John Linton
I am, at worst, a phlegmatic sort of person in the face of depressing predictions still retaining some vestiges of over confidence/arrogance that irrespective of what happens I will be able to find a way through whatever mess engulfs everyone else around me but I have to say when the "D" word is used by a relatively conservative and competent commentator as in this statement about the real state of the US economy:
"We are seeing the deepest housing deflation since the
Great Depression and a massive unwind of the largest credit binge ever, and fiscal and monetary policies are more limited in their ability to respond than earlier this decade. Not good news for the economy or the equity market,"
I nearly spilled my coffee. The article can be found here:
http://news.smh.com.au/shares-us-dollar-tumble-on-economy-woes/20080304-1wo6.html
Now I am not so stupid as to believe that I have any kind of economic grasp on either world's or Australia's economic movements or directions (I have little enough grasp on our household's economics most of the time) but I can get a general impression by reading quite widely and testing what I read against my quite significant previous experiences.
Among the many positive implications of the March 1st bill run was one quite significant negative - that was the level of credit card defaults which set a new record and were almost 30% higher than in the February bill run which itself was a new 'record'. One of the very first indications of 'economic problems' is people running out of credit with credit card defaults on what, for many people are quite important monthly expenditures, being the earliest warning sign. I will be looking at the defaults on payments via direct debit which won't be known until today to see if that trend is continued - direct debit payments have a much lower level of default than credit card payments by a factor of 5.

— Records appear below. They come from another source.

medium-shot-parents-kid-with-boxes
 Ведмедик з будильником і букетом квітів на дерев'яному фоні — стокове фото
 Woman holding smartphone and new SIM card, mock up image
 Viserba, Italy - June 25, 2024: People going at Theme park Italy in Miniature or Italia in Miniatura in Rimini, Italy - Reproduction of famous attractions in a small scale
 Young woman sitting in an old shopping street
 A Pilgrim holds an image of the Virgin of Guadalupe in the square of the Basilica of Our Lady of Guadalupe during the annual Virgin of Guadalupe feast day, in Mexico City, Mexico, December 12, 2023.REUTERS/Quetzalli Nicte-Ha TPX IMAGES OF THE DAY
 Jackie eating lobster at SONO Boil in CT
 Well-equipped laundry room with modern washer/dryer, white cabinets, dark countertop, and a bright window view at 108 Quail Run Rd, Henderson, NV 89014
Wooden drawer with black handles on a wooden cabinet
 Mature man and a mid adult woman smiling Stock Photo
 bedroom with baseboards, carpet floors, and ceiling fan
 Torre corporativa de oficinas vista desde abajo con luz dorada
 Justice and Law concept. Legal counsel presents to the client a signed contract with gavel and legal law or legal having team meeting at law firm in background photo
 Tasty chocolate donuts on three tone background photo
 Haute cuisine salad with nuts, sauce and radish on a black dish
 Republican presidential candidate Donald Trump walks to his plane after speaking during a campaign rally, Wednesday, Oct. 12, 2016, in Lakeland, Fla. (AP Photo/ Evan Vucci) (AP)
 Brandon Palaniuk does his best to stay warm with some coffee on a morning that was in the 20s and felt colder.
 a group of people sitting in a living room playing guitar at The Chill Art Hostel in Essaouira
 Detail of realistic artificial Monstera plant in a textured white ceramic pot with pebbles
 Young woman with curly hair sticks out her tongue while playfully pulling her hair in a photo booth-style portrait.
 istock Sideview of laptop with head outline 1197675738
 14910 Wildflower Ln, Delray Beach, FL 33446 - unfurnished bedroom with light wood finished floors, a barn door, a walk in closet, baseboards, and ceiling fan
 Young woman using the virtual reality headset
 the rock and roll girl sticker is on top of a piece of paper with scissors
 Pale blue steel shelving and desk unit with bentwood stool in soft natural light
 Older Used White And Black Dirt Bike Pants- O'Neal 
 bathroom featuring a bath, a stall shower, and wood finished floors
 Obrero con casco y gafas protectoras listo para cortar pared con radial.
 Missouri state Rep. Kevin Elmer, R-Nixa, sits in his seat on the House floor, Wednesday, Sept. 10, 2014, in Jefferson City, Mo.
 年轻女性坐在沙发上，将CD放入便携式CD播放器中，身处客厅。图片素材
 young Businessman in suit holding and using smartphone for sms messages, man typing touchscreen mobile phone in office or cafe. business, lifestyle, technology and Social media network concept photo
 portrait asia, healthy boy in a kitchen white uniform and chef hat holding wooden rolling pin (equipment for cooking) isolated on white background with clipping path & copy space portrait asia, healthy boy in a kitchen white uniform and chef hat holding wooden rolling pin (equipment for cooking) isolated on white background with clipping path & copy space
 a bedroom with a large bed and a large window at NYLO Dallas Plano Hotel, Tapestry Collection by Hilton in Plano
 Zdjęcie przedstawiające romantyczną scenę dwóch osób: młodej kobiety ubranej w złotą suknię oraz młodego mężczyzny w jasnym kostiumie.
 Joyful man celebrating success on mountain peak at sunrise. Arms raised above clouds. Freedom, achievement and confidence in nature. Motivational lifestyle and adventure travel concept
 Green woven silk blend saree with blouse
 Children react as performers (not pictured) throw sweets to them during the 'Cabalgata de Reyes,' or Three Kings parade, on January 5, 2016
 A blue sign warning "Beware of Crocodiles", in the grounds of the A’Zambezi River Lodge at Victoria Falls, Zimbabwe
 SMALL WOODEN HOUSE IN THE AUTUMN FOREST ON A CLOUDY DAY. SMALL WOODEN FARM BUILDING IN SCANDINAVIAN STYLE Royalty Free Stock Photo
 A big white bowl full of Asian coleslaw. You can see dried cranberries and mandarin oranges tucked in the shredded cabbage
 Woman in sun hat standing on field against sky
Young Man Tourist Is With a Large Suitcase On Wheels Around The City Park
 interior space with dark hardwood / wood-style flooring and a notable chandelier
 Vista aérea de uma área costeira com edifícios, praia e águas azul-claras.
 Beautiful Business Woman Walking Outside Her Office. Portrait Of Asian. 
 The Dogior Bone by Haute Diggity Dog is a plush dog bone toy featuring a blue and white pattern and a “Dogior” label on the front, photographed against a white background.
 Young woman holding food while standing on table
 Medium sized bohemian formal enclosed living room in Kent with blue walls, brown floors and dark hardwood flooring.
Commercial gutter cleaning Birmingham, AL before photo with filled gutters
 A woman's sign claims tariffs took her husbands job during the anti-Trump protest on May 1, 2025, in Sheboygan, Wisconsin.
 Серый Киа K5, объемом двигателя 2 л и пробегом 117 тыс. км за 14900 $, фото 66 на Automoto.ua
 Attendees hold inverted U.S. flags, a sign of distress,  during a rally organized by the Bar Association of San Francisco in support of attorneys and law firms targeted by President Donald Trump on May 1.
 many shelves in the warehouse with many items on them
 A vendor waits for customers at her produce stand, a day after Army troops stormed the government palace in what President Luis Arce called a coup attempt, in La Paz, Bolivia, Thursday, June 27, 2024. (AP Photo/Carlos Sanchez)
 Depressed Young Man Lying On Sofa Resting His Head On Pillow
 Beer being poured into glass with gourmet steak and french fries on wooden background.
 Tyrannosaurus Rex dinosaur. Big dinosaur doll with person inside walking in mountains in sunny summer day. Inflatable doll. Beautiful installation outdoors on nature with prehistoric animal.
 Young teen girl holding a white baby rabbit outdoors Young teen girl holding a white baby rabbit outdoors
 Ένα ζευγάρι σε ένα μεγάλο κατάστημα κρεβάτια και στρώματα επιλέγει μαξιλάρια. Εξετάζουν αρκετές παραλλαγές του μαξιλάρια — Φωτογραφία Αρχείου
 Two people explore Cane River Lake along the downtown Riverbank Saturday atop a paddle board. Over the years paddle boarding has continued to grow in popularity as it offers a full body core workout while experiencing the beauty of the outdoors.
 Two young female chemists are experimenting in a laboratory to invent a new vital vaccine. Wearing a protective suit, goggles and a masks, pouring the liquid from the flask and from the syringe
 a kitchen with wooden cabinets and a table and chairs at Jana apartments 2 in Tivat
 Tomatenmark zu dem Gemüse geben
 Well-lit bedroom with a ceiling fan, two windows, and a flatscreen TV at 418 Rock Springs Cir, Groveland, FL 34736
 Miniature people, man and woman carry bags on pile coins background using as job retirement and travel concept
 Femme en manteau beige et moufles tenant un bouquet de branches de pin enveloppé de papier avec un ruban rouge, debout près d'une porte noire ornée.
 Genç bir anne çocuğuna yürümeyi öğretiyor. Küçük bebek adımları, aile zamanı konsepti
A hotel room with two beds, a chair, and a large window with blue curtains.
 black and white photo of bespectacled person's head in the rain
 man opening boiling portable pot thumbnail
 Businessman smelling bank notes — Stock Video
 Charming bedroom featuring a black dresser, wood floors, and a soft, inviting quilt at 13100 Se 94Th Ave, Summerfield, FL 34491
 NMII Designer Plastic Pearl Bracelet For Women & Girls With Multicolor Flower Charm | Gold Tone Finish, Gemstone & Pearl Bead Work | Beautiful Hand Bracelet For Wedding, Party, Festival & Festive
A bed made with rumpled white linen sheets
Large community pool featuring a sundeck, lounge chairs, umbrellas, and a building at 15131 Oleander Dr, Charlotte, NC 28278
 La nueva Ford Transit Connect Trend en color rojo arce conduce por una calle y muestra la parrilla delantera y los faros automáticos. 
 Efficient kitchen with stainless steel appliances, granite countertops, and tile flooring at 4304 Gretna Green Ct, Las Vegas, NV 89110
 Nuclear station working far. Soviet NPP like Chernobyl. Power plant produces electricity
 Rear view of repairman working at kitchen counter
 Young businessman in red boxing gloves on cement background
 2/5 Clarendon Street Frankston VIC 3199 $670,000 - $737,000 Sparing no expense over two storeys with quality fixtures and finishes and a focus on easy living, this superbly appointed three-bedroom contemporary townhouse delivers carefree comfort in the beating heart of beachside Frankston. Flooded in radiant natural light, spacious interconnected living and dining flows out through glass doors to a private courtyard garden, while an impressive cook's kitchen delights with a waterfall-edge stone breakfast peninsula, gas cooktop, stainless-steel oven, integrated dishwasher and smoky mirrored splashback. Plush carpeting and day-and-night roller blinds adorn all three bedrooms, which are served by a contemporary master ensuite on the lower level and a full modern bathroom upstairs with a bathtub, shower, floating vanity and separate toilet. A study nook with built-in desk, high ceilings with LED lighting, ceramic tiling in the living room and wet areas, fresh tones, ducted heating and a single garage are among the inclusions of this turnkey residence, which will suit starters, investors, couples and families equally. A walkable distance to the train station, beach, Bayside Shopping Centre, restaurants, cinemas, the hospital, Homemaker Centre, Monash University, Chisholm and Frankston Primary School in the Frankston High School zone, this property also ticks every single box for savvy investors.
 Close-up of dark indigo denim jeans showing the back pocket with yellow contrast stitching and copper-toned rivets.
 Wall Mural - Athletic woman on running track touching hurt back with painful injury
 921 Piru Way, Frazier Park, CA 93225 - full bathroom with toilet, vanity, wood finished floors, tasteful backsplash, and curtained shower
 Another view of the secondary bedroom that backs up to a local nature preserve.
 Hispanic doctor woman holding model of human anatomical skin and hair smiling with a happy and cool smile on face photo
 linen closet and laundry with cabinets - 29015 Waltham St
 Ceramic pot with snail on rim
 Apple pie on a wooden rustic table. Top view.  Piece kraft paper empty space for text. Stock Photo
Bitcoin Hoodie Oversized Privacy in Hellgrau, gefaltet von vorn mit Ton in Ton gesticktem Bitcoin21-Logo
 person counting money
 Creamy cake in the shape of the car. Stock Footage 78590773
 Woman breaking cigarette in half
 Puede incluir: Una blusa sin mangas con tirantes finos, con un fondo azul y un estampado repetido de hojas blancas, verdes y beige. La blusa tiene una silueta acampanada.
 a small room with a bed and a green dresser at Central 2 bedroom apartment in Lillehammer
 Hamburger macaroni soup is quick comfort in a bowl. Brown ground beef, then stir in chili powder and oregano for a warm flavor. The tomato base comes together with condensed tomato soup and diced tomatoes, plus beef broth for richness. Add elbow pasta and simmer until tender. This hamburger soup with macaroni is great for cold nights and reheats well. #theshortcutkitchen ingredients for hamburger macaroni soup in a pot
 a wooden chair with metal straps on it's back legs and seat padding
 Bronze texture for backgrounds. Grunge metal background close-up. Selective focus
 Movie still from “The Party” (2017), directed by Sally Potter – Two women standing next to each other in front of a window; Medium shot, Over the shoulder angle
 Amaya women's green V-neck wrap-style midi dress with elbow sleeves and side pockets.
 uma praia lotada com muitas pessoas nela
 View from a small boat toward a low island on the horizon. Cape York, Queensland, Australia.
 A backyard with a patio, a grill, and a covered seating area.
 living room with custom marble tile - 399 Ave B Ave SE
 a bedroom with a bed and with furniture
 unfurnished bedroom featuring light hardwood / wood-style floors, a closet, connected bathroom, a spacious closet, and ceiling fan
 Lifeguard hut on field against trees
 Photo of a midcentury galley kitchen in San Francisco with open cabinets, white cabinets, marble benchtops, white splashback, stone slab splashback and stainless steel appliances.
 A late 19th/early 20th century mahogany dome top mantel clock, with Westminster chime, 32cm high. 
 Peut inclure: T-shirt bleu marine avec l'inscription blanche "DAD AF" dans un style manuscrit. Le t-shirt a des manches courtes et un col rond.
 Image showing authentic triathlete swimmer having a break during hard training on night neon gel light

As I said - I'm not an 'alarmist' (in any sense of that word) neither am I a person who accepts what he reads with anything but a very wary eye for exaggeration or polemics. It's getting hard to escape the feeling that things, economically, for a significant number of people in Australia aren't going to be as good in 2008 as they were in 2007.
Worse, we have a totally inexperienced government whose contribution to addressing that situation (if in fact there is anything an Australian government can do) is, on current indications, going to make things worse with absolutely no positive moves or contributions and, based on the ridiculous statements by Crazy Kev and Dopey Swan to date will be content to sit back and take their fat salaries and continue to say "it's all the previous government's fault - what can we do or be responsible for?".
(someone should tell them "You're the government - stupid - you're expected to deal with whatever eventuates - not try and explain why you can't).
Leaving that aside - the 'micro signal' (the record credit card defaults) have to be 'listened to' even if the senior Merrill Lynch economist can be ignored as an alarmist quoted by a newspaper who wanted to be the first to have a meaningful use of the "D" word now that the "R" word is so passe.
Exetel have been reducing our financial exposures from the morning after Australia became saddled with a Labor government and my view was things would become very difficult very quickly. Irrespective of what now happens I believe small companies like Exetel are going to find it extremely difficult over the coming 12 - 18 months and I'm unsure how to deal with many of the decisions that need to be made.
Obviously the easiest, and now clearly absolutely correct, decision was to abandon any massive infrastructure investment which we did, formally, at the beginning of last month. I would hate to have that burden right now.
It makes the decision to invest nearly $A3 million in buying office space a difficult call - it's a sensible medium term financial decision that will reduce data centre costs within two years but it's a major financial 'unknown' in terms of "never buy real estate at the top of the market" - my completely uninformed view is that CBD property prices are, right now, as high as they are going to go for a long while to come.
There has to be a better way to start the day.